Bringing Rich Experiences to Memory-Constrained TV Devices
By Jason Munning, Archana Kumar, Kris Range
Netflix has over 148M paid members streaming on more than half a billion devices spanning over 1,900 different types. In the TV space alone, there are hundreds of device types that run the Netflix app. We need to support the same rich Netflix experience on not only high-end devices like the PS4 but also memory and processor-constrained consumer electronic devices that run a similar chipset as was used in an iPhone 3Gs.
In this post, we will discuss the development of the Rich Collection row and the iterations we went through to be able to support this experience across the majority of the TV ecosystem.
Rich Collection Row
One of our most ambitious UI projects to date on the TV app is the animated Rich Collection Row. The goal of this experience from a UX design perspective was to bring together a tightly-related set of original titles that, though distinct entities on their own, also share a connected universe. We hypothesized this design would net a far greater visual impact than if the titles were distributed individually throughout the page. We wanted the experience to feel less like scrolling through a row and more like exploring a connected world of stories.
For the collections below, the row is composed of characters representing each title in a collected universe overlaid onto a shared, full-bleed background image which depicts the shared theme for the collection. When the user first scrolls down to the row, the characters are grouped into a lineup of four. The name of the collection animates in along with the logos for each title while a sound clip plays which evokes the mood of the shared world.

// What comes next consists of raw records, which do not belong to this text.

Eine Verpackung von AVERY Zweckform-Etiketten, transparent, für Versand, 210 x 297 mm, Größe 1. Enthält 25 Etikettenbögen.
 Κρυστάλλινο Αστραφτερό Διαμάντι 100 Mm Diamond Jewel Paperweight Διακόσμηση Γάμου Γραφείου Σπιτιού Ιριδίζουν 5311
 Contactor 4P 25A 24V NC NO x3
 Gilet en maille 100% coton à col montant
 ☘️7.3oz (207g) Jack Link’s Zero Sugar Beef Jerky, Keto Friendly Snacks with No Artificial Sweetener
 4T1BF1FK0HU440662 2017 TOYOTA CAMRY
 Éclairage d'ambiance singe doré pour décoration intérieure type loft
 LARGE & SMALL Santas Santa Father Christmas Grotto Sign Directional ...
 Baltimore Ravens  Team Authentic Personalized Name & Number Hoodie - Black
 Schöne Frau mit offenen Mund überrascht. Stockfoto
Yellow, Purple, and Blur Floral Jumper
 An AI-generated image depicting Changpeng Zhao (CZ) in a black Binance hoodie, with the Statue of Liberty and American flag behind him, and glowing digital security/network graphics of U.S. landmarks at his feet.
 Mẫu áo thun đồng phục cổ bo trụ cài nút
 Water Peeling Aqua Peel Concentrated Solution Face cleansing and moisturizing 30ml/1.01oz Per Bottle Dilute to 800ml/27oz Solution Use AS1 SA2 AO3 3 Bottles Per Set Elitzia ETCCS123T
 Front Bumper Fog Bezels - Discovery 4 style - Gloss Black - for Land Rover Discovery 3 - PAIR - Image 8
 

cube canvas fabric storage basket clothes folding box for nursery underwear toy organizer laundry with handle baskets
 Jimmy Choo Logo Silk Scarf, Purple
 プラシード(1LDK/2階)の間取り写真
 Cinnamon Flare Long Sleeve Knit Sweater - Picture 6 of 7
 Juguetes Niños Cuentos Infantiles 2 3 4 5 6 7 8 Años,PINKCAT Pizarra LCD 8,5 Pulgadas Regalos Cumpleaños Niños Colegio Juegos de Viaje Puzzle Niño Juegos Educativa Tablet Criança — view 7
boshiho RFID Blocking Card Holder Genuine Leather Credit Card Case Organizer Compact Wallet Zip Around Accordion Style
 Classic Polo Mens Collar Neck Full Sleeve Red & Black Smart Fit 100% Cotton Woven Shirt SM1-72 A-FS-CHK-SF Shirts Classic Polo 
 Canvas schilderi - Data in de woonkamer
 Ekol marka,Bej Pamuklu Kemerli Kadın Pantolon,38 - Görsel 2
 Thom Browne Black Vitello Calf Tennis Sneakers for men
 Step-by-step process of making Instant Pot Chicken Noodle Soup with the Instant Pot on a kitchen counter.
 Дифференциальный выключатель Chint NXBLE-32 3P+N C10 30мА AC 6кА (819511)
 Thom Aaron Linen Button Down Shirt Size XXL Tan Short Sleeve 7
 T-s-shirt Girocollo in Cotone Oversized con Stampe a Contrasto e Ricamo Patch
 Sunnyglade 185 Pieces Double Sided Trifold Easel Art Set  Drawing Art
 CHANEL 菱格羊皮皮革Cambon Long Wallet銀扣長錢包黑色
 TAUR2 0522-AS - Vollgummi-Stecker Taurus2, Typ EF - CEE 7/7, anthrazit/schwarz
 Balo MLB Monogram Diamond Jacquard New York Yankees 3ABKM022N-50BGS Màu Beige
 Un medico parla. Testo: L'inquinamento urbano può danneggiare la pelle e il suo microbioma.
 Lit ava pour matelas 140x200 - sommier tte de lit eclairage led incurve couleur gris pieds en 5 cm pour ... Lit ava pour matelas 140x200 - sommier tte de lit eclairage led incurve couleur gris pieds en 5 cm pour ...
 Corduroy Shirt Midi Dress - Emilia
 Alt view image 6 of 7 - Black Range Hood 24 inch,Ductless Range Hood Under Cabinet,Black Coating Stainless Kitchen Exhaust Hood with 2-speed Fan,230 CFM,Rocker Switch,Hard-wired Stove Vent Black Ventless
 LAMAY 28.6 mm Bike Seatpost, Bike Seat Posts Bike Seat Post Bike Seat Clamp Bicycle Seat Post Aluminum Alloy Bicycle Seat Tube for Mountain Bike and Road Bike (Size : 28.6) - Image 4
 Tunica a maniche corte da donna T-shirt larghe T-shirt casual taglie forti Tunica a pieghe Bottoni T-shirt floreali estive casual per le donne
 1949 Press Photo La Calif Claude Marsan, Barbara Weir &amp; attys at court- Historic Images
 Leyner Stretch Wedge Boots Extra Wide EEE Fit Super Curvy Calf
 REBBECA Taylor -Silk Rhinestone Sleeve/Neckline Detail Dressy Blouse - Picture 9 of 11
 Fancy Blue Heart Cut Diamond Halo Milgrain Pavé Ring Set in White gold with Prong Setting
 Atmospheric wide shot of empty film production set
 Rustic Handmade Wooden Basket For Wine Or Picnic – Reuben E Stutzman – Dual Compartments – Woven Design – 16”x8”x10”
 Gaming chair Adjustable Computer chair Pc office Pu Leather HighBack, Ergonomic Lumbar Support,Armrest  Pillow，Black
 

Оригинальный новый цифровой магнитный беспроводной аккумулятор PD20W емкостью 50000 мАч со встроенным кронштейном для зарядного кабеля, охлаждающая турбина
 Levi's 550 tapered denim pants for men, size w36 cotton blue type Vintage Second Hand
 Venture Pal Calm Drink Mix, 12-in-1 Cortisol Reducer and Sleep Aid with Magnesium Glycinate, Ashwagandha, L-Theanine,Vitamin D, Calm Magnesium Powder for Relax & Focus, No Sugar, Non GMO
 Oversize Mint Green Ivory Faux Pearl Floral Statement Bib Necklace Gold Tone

The characters slide off screen to indicate the first title is selected. As the user scrolls horizontally, characters slide across the screen and the shared backdrop scrolls with a parallax effect. For some of the collections, the character images themselves animate and a full-screen tint is applied using a color that is representative of the show’s creative (see “Character Images” below).
Once the user pauses on a title for more than two seconds, the trailer for that title cross-fades with the background image and begins playing.
As part of developing this type of UI experience on any platform, we knew we would need to think about creating smooth, performant animations with a balance between quality and download size for the images and video previews, all without degrading the performance of the app. Some of the metrics we use to measure performance on the Netflix TV app include animation frames per second (FPS), key input responsiveness (the amount of time before a member’s key press renders a change in the UI), video playback speed, and app start-up time.
UI developers on the Netflix TV app also need to consider some challenges that developers on other platforms often are able to take for granted. One such area is our graphics memory management. While web browsers and mobile phones have gigabytes of memory available for graphics, our devices are constrained to mere MBs. Our UI runs on top of a custom rendering engine which uses what we call a “surface cache” to optimize our use of graphics memory.
Surface cache is a reserved pool in main memory (or separate graphics memory on a minority of systems) that the Netflix app uses for storing textures (decoded images and cached resources). This benefits performance as these resources do not need to be re-decoded on every frame, saving CPU time and giving us a higher frame-rate for animations.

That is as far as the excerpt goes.